SAM.gov: No later than June 16, 2021

Grants.gov: No later than June 29, 2021

Part 1 - Submit to Grants.gov

July 8, 2021 at 11:59 p.m., Eastern Time

Prepare application material so that it’s ready to upload when the Applicant Portal opens

Part 2 - Submit to Applicant Portal

July 13-20, 2021 at 11:59 p.m., Eastern Time

Earliest Announcement of Grant Award or Rejection

April 2022

Earliest Start Date for Proposed Project

June 1, 2022

Project Types include, but are not limited to:

  • Exhibitions and related activities.
  • Conservation, preservation, and/or restoration.
  • Commissions or public art.
  • Residencies.
  • Periodicals, publications, or catalogues.
  • Public programming such as workshops, lectures and symposia, or other outreach activities.
  • Education and related activities for youth, adults, intergenerational groups, and schools. (If your project is for youth, see "Choosing the Right Discipline for Youth Projects" to help you in your discipline selection.)
  • Innovative uses of technology.
  • Services to the field.

For information on how to apply, see “How to Apply” box on the left.

National Historic Preservation Act and/or the National Environmental Policy Act Review

If you are recommended for a grant, your project may be subject to the National Historic Preservation Act (NHPA) and/or the National Environmental Policy Act (NEPA) and the National Endowment for the Arts will conduct a review of your project to ensure that it is in compliance with NHPA/NEPA.

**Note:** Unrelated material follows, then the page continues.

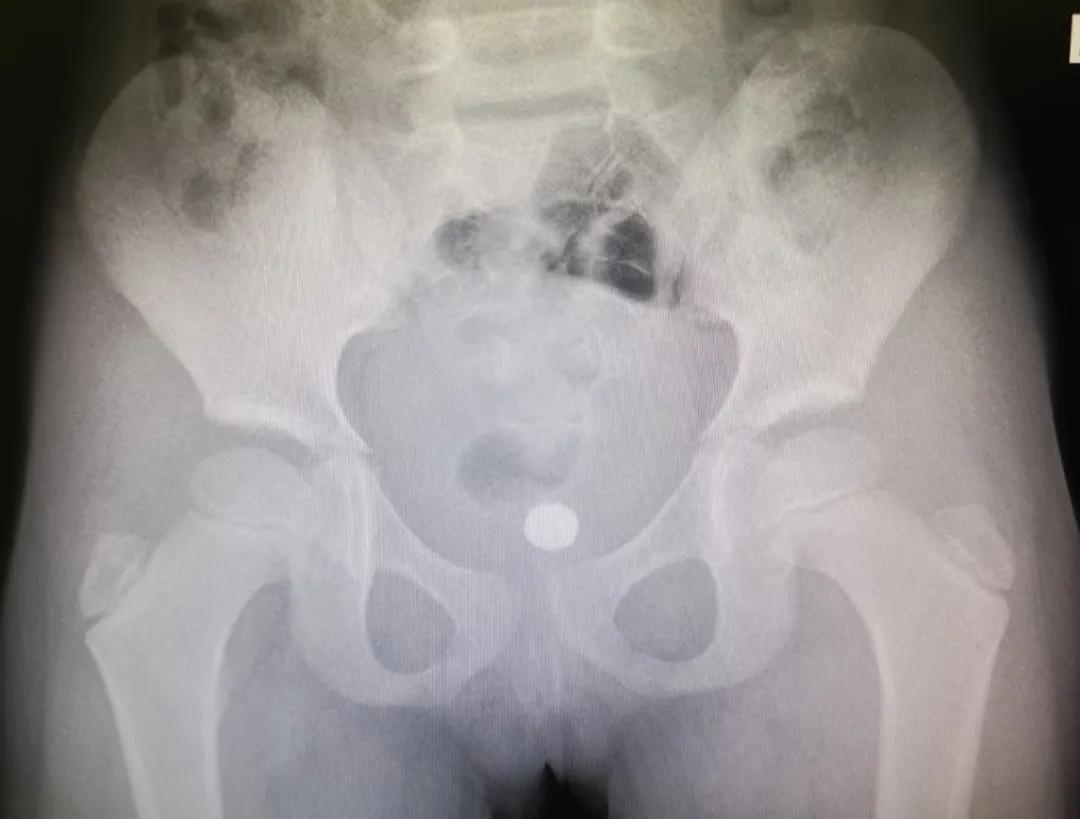 四岁小男孩往小丁丁里塞弹珠?那些年孩子塞进去的东西远不止这个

Some of the common project types that garner a NHPA review are:

  • A project involving or occurring near a district, site, building, landscape, structure or object that is 50 years old and therefore potentially eligible for inclusion in the National Register of Historic Places (note that in some instances, buildings or structures may be included in or eligible for inclusion in the National Register of Historic Places that are less than 50 years old).
  • The commissioning and installation of temporary or permanent outdoor furnishings such as benches or market structures, or art such as a sculpture or mural.
  • An outdoor arts festival.
  • Design planning and services for projects that may involve a historic site, structure, or district.

This review and approval process may take up to several months to complete and may delay your project's start date and our ability to make a grant award/our ability to release grant funds. If you are recommended for an award which may have historic preservation or environmental concerns (NHPA/NEPA), you will be notified and asked to provide additional information. Thorough and complete information for all project activities and locations will expedite the review. The Arts Endowment cannot release an award and/or grant funds until the NHPA/NEPA review is complete.

Learn more about the questions you will need to answer for the review of a project impacted by the National Historic Preservation Act and/or the National Environmental Policy Act.

Accessibility

Federal regulations require that all National Endowment for the Arts-funded projects be accessible to people with disabilities. Funded activities must be held in a physically accessible venue and program access and effective communication must be provided for participants and audience members with disabilities. If your project is recommended for funding, you will be asked to provide detailed information describing how you will make your project physically and programmatically accessible to people with disabilities.